However, in the Google contract, it does not appear that Google made any specific promise to comply with privacy or data security laws that require specific controls or security measures. In fact, section 2.4 of the Google Contract actually requires the City of Los Angeles to comply with applicable privacy laws and regulations. In essence, if LA violates a privacy law it might be in breach of the Google Contract, but the same would not be true if Google violated a privacy law (despite the fact that Google is the party actually storing and processing personal information).

These regulatory compliance terms are always tricky in the data security and privacy contracting context. The problem arises based on the relationship of the parties. For a given data security law, the data owner or controller may have the primary obligation to comply with such law. This is the case for the EU Data Privacy Directive, as explained here, data controllers have the primary obligation to comply with the Directive, while processors may take on certain compliance obligations through their contracts with data controllers. Some service providers may take the position that any agreement to comply with “applicable laws” means any laws that are directly applicable to the service provider (and in the case of the EU Directive their position would be that the Directive is not directly applicable to it, but rather the data controller).

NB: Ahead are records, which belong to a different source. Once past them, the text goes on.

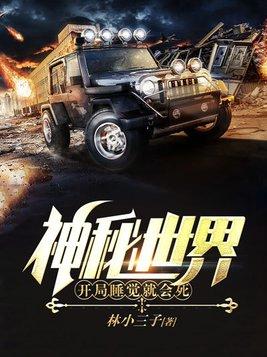 神秘世界开局睡觉就会死1804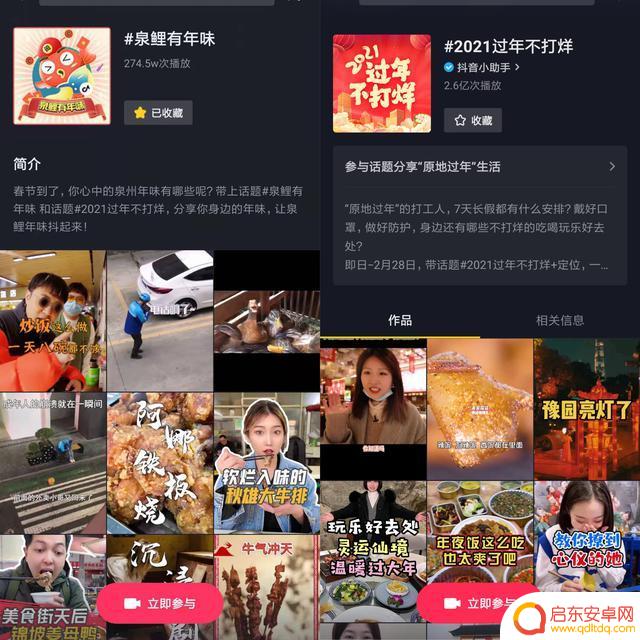 泉州小吃抖音团购网(泉州小吃抖音团购网站)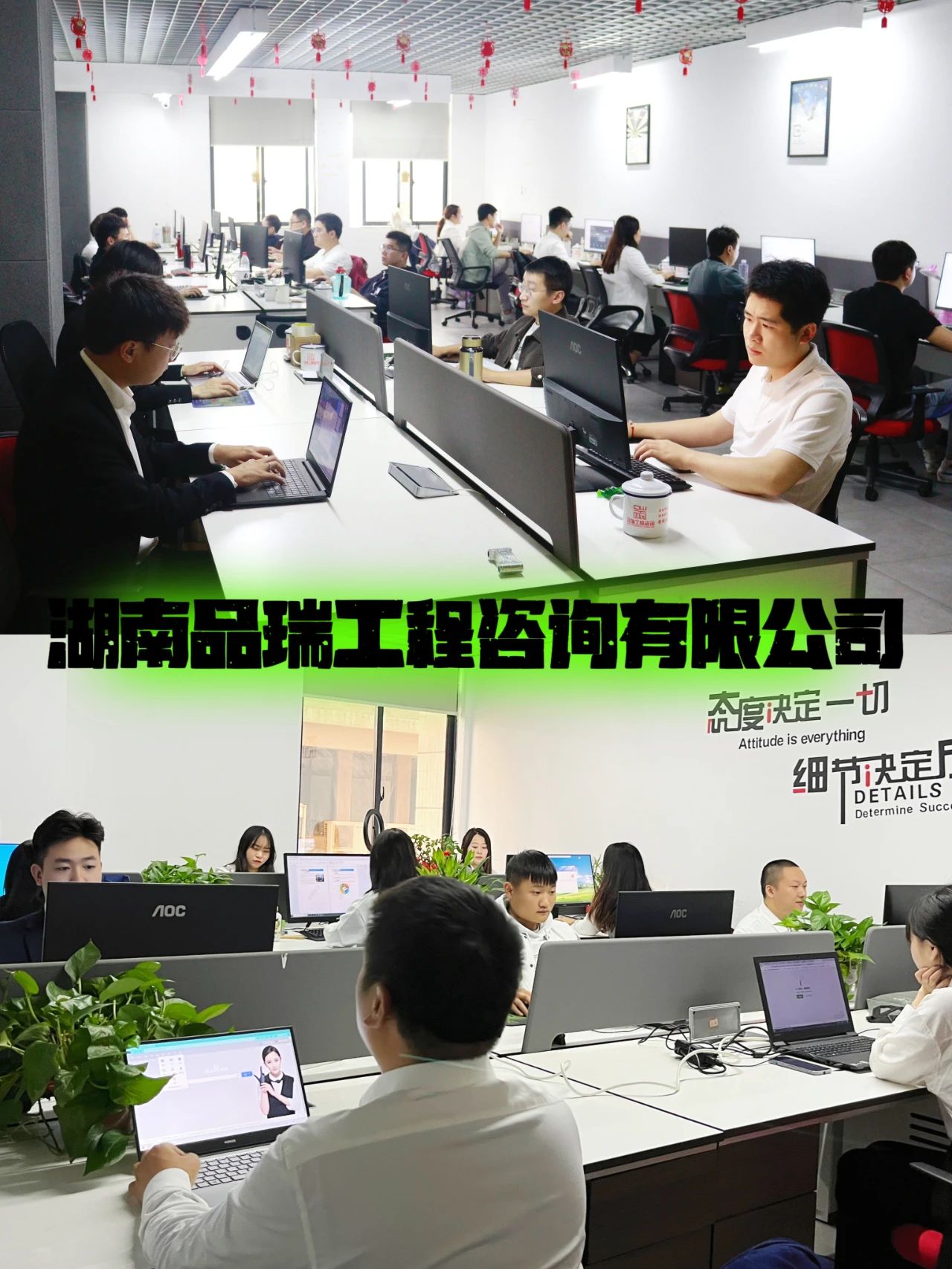 公司8.jpg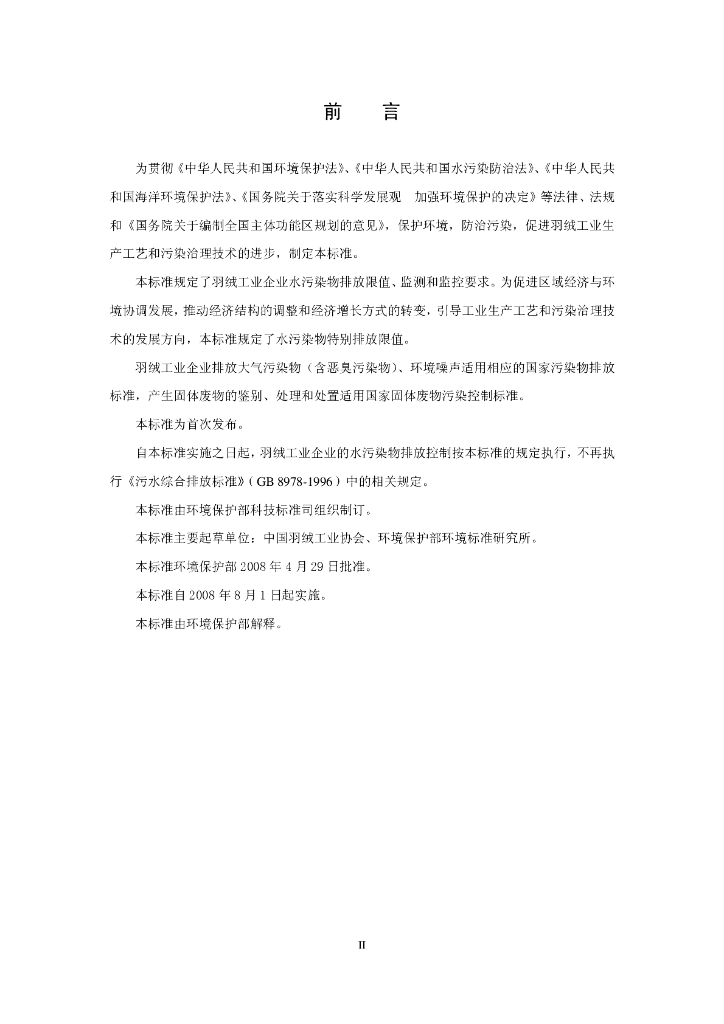 GB 21901-2008 标准预览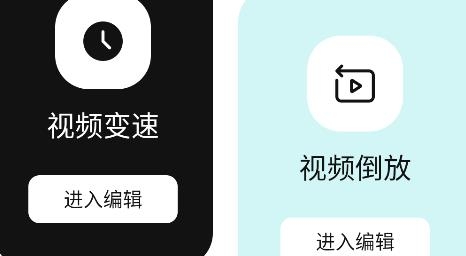 愛優(yōu)視頻大師軟件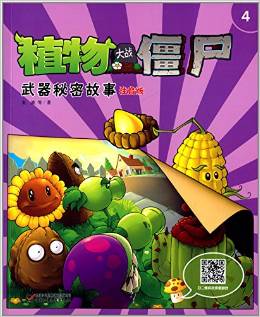 植物大戰(zhàn)僵尸4:武器秘密故事(注音版)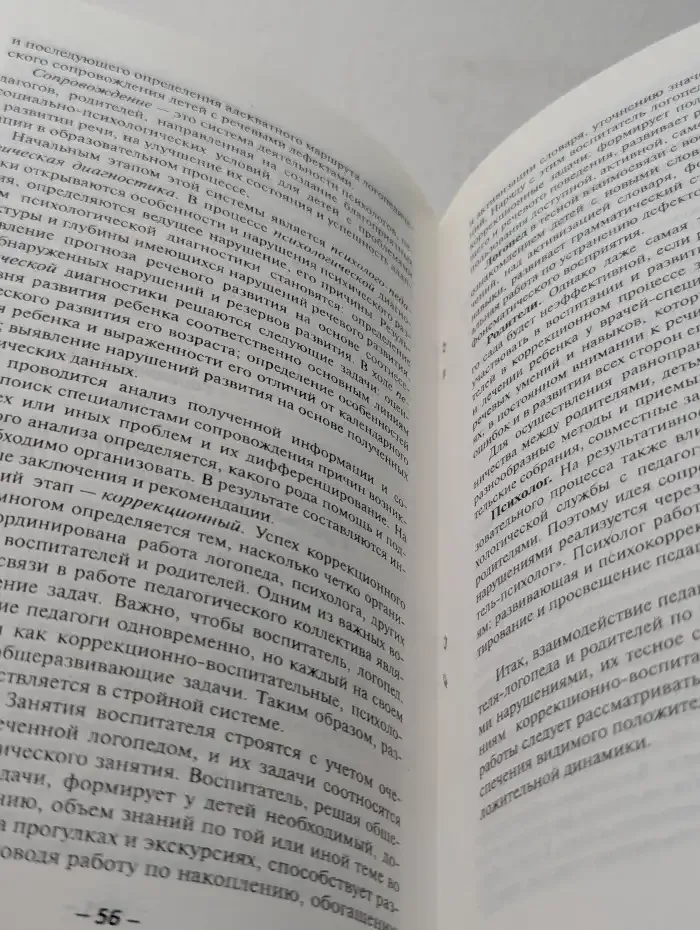 Развитие специального образования в современной России. Психолого-педагогические аспекты социокультурного взаимодействия лиц с ограниченными возможностями здоровья. Часть 3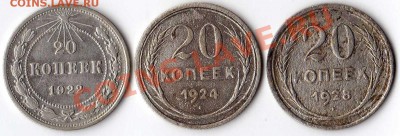 Биллон(3 шт.)1922,1924,1928гг. до 7.06.11г. 23-00 МСК С 0р.! - img018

The problem for data owners is when they cede the storage, processing and transmission of personal information to service providers, if the service provider’s practices and security controls violate a data security law applicable to the data owner, the data owner could be held liable. Thus, data owners when entering into a contract like the Google Contract would prefer to have the service provider agree to comply with all laws applicable to the data owner and the personal information the data owner is working with. In contrast, service providers may take the position that it is the data owner’s responsibility to vet the service provider’s practices and controls to make sure they comply with laws applicable to the data owner.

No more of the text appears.